Open two terminals (or tabs):

Terminal A – server

source venv/bin/activate
python server.py

Terminal B – client

source venv/bin/activate
python talk2mcp.py

You should see the Agent emit calls like:

FUNCTION_CALL: open_paint
FUNCTION_CALL: draw_rectangle|400|250|1100|650
FUNCTION_CALL: add_text_in_paint|What is the capital of Nepal?
FINAL_ANSWER: DONE

And in Preview you’ll see a rectangle and your text inside.


Tuning the Agent’s behavior

  • In talk2mcp.py:

    • Set what you want written inside the rectangle:

      user_text = "Hello from the Agent!"
      query = f'Task: Draw a rectangle and write the following text inside it: "{user_text}".'
      
    • The system prompt already enforces the one-line response format and mentions the three tools.

  • If the Agent draws off-canvas:

    • Adjust the rectangle coordinates you suggest (the Agent generally picks sensible values after a successful first run).
    • You can also add a hint into the query, e.g. “Use coordinates roughly in the center of the window.”

Coordinates & multi-monitor notes

  • All tool coords are window-relative in server.py.

    • (0,0) is the top-left of Preview’s front window.
    • If your rectangle isn’t visible, try smaller values (e.g., x1=200, y1=150, x2=1000, y2=600).
  • The server sizes the window to a known rectangle (defaults: left=100, top=80, width=1400, height=900) to make this repeatable. You can change those inside open_paint().


Troubleshooting

  • Preview doesn’t respond / clicks do nothing

    • Check Accessibility + Screen Recording permissions.
    • Ensure Preview is frontmost (the server calls activate_app("Preview"), but try clicking Preview once manually).
  • “Text” tool not inserted

    • Menus may be localized.
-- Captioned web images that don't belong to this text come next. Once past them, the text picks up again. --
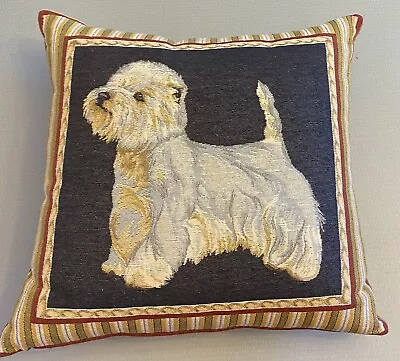 Borgata Tapestry Pillow West Highland White Terrier Westie Dog Velvet Back 18  • $59.95
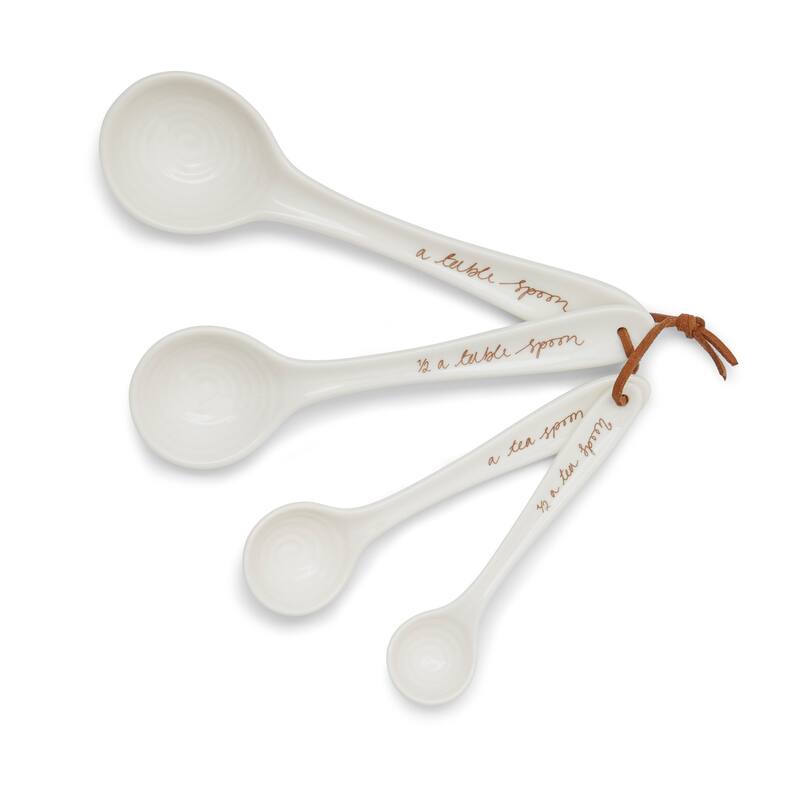 Portmeirion Sophie Conran White Set of 4 Measuring Spoons - 1 tbsp, ½ tbsp, 1 tsp, ½ tsp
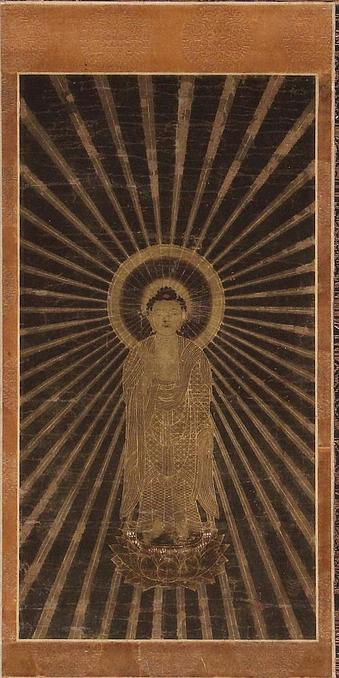 #Japanese #Kakemono of #Amida #Nyorai, Raigo, Japan 13th-14th century; late #Kamakura period (1249 -1382) or early #Muromachi period.
#BuddhistArt #Buddhism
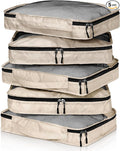 5 Pcs Packing Cubes for Suitcase Large Travel Cubes Carry on Luggage Organizer Bags for Clothes Accessories(M,Khaki)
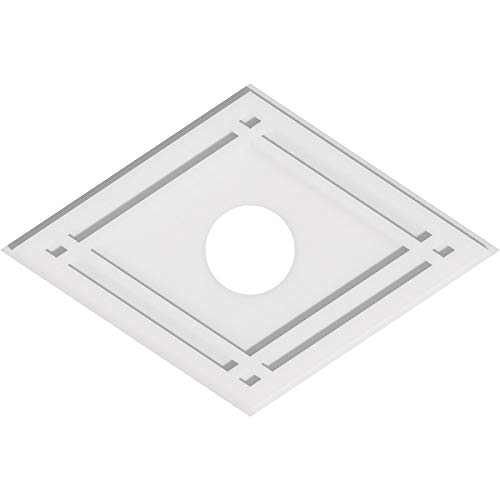 Image of Ekena Millwork CMP28X18DD-05000 Diamond Architectural Grade PVC Contemporary Urethane Ceiling Medallions 28 inchW x 18 5 /8 inchH x 5 inchID x 9 3 /4 inchC x 1 inchP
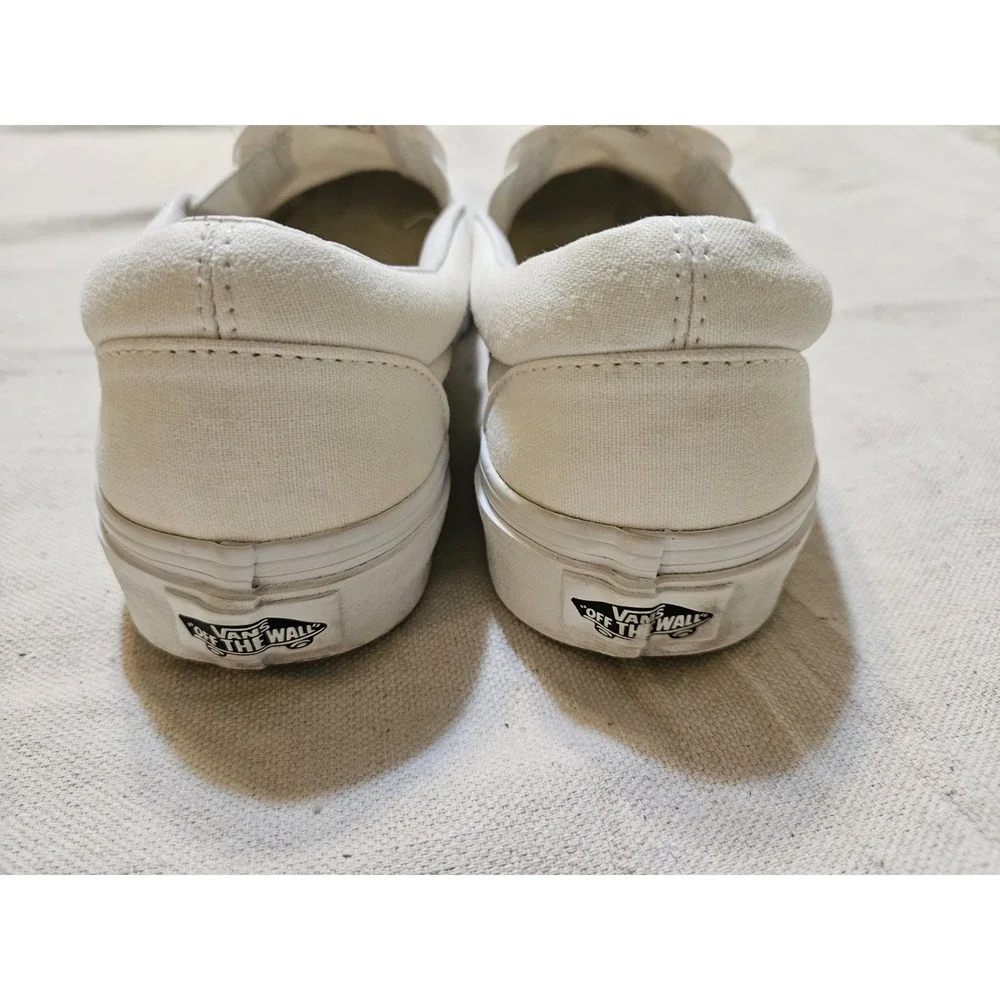 Vans Off The Wall Canvas Slipon Shoes White Mens 7 Womens 8.5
In server.py, the menu click is:

      Tools → Annotate → Text
      

      If your system language differs, change "Text" to your local menu label.

  • Gemini errors (auth/model)

    • Confirm .env has a valid GEMINI_API_KEY.
    • Internet required for google-genai.
  • Agent keeps saying DONE without drawing

    • The system prompt forces tool calls, but if it still happens, increase the loop iterations in talk2mcp.py or include a stronger hint in query like “First call open_paint, then draw_rectangle, then add_text_in_paint.”

Quick FAQ

Q: Can I still use MS Paint if I switch to Windows later?

A: Yes. Swap server.py to the Windows version that uses pywinauto and keep talk2mcp.py unchanged (tool names stay the same).

Q: Can the Agent choose coordinates itself?

A: Yes; the prompt encourages it. If it picks poorly, add a coordinate hint or provide a “safe default rectangle” in the prompt.

Q: How do I verify the Agent actually called the tools?

A: Both talk2mcp.py and server.py print logs for each tool call — you’ll see the FUNCTION_CALL: lines and the server’s responses in the consoles.